Nothing but the records, transcribed exactly, should appear in the answer; leave the pictures out.

BEGIN

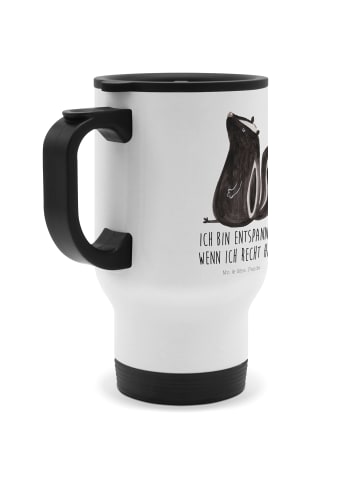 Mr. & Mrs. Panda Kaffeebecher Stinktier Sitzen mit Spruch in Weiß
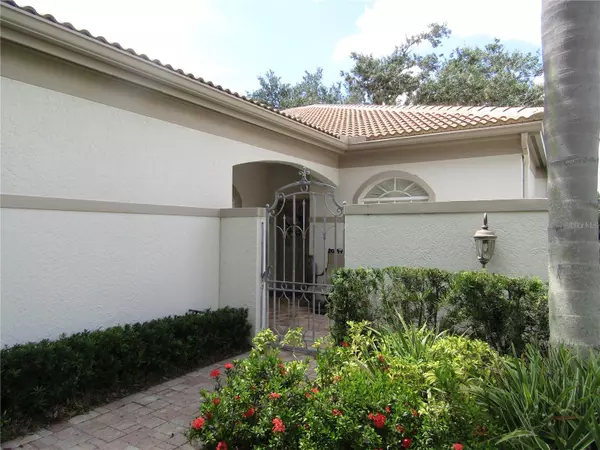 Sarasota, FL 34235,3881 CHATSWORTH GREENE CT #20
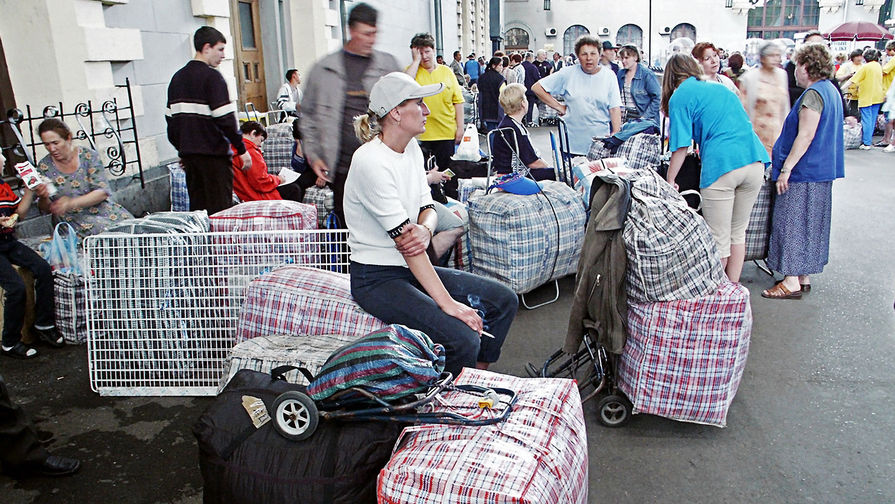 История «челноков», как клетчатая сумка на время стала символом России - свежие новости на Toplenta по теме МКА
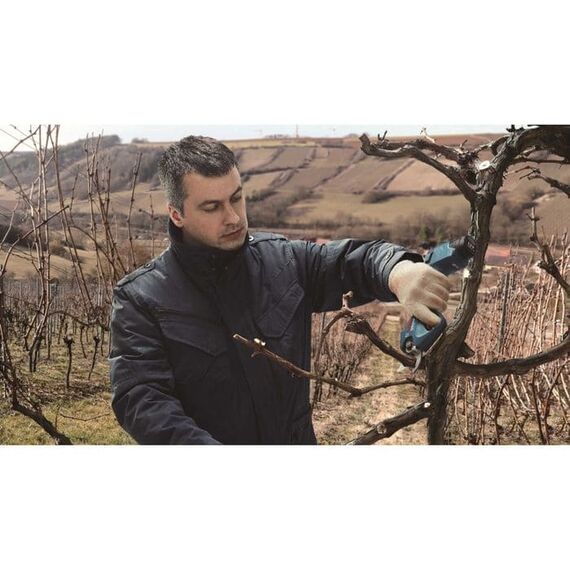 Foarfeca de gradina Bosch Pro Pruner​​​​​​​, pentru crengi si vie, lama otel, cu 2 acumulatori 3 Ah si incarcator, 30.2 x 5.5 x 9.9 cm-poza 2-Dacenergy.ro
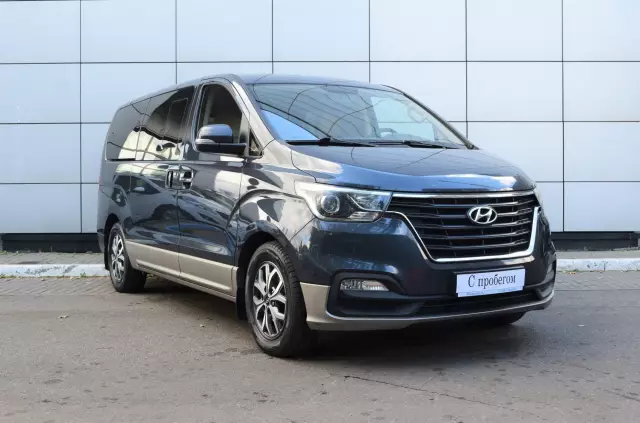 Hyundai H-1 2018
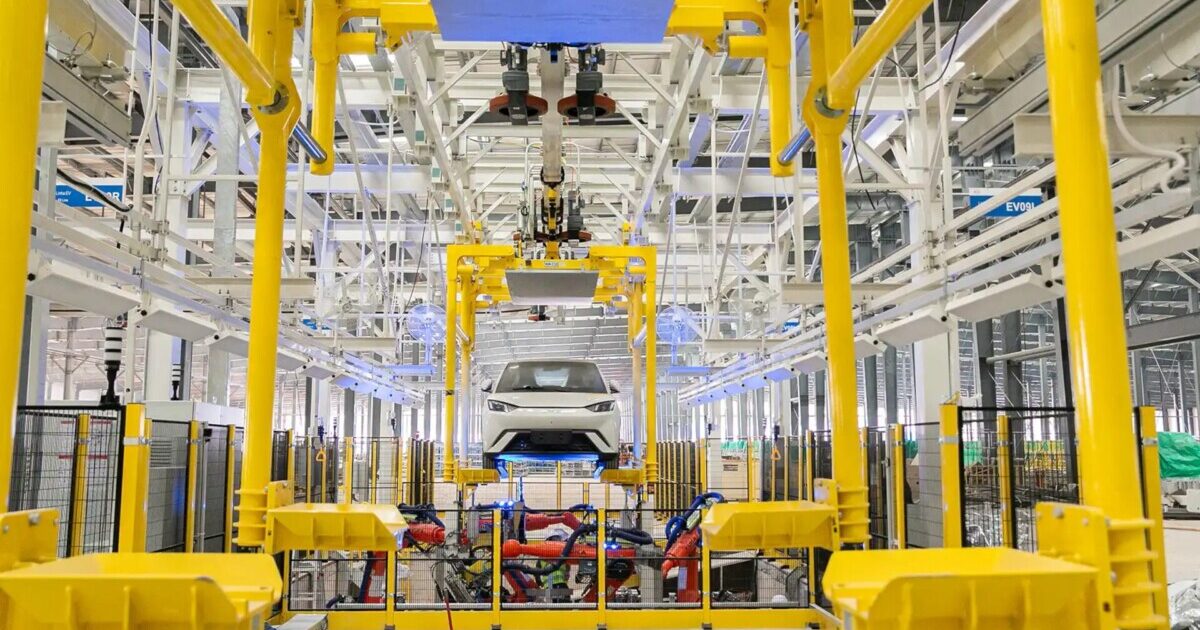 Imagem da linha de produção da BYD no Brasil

END

■ **RESULT OF THE EXERCISE**:
 Mr. & Mrs. Panda Kaffeebecher Stinktier Sitzen mit Spruch in Weiß
 Sarasota, FL 34235,3881 CHATSWORTH GREENE CT #20
 История «челноков», как клетчатая сумка на время стала символом России - свежие новости на Toplenta по теме МКА
 Foarfeca de gradina Bosch Pro Pruner​​​​​​​, pentru crengi si vie, lama otel, cu 2 acumulatori 3 Ah si incarcator, 30.2 x 5.5 x 9.9 cm-poza 2-Dacenergy.ro
 Hyundai H-1 2018
 Imagem da linha de produção da BYD no Brasil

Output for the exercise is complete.